Une guerilla urbaine en fait où les actes de défiance et de provocation à l’encontre des forces chargées de maintenir la paix en Côte d’Ivoire (forces française et onusienne) se multiplient, rendant difficile voire impossible leur action sur le terrain. Encouragés, pensionnés et drogués par les bonzes du parti au pouvoir (parmi lesquels Simone Gbagbo est l’une des plus actives) les "jeunes patriotes", une horde de chômeurs impénitents, poursuivent leur "combat" contre "l’envahisseur français" et les "pique-assiette" ouest-africains.

Acculé de toutes parts et minorisé politiquement par l’alliance PDCI/RDA-RDR (après leur "sommet" parisien Bédié et Ouattara ont promis de faire cause commune) affaibli militairement après la destruction de ses avions-fous, Gbagbo, comme tout apprenti-fasciste a opté de faire jouer la fibre nationaliste.

"La rwandisation ?"

Un pseudo-nationalisme en fait, si tant est que son régime se sera illustré par une gestion économique gabégique en pillant les ressources de la filière cacaoyère et en siphonnant les caisses de l’Etat pour l’achat massif d’armes avec force ristournes à son profit. Par ailleurs et lui-même l’a reconnu, ayant été élu dans des "conditions calamiteuses", Gbagbo est disqualifié pour parler au nom du peuple ivoirien dans son entièreté. C’est dire si l’historien président a mal révisé ses classiques, toute chose qui l’amène à avoir une lecture aussi tronquée de la situation de son pays. Une lecture qui tend à alourdir davantage le climat sociopolitique dans le pays avec des affrontements interethniques sporadiques. C’est ainsi qu’à Gagnoa, bété et dioula se sont affrontés mardi dernier, avec des morts à la clé.

Par ailleurs, les ratonades et les exactions diverses ont repris à l’encontre des étrangers dans toute la zone sous contrôle des forces gouvernementales. Face à cette situation de guerre civile armée, les agences humanitaires de l’ONU sont de plus en plus inquiétes.
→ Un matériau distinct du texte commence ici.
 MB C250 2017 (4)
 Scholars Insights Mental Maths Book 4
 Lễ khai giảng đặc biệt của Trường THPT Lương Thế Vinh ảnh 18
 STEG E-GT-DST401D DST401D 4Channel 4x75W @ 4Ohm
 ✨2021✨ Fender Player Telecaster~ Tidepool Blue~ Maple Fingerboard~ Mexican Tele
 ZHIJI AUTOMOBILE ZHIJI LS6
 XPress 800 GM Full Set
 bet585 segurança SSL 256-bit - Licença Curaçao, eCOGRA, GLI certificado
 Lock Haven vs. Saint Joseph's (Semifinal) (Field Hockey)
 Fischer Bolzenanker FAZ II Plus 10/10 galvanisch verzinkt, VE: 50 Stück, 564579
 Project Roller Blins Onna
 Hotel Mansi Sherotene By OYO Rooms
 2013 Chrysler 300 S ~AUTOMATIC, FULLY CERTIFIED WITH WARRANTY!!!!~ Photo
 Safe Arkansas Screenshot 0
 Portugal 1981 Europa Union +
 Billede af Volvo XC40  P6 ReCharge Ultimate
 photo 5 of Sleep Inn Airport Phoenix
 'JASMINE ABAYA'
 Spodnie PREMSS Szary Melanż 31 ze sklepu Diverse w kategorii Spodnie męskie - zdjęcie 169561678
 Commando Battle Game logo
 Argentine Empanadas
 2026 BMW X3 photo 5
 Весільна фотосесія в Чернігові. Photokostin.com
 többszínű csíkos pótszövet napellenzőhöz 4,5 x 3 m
Le porte-parole du secrétaire général de l’ONU, Fred Echkhard a indiqué lors d’un point de presse le 8 novembre, que des combats ont éclaté le 7 novembre 2004, aux abords des villes de Bouaké et de Korhogo tandis que les tensions s’accentuaient dans l’ensemble du pays.

Cela "force" les agences à limiter les allées et venues de leur personnel, ce d’autant que cinq véhicules de l’ONU ont été confisqués par des groupes armés, et un sixième détruit. Par ailleurs, Fred Eckhard a indiqué que l’électricité avait été coupée dans toutes les zones contrôlées par les Forces Nouvelles. La France quant à elle, sans doute ulcérée de se voir prise à partie par les bonzes et les militants d’un pouvoir qu’elle a contribué à maintenir jusque-là, prépare en douceur une évacuation de ses ressortissants du pays, pour laisser les "nègres" se massacrer entre eux.

Une situation qui n’est pas sans rappeler le Rwanda où Paris avait soutenu à bout de bras le régime xénophobe et grabataire de Juvénal Habyarimana, avant de se retirer sous la poussée de l’Armée patriotique rwandaise (APR) conduite par Paul Kagamé. En Côte d’Ivoire, c ’est le pouvoir qui pousse Paris à la porte, mais le résultat risque d’être le même qu’au Rwanda, les rancœurs et les haines ayant eu le temps de se cristalliser. La guerre civile servirait alors d’exutoire pour évacuer ce trop-plein de haine.

Les conséquences d’un tel scénario étant incalculables (le génocide rwandais a destabilisé tous les Grands-Lacs) on comprend pourquoi Paris hésite à laisser le joyau de la couronne franchir le pas. Une hésitation coupable car, et on ne cessera jamais de le répéter, le mal ivoirien est connu de tous et le remède politique a prouvé ses limites. Les sources du mal ivoirien étant minoritaires, ne convient-il pas de les tarir pour le bonheur du plus grand nombre ? C’est la conscience universelle qui est interpellée ici.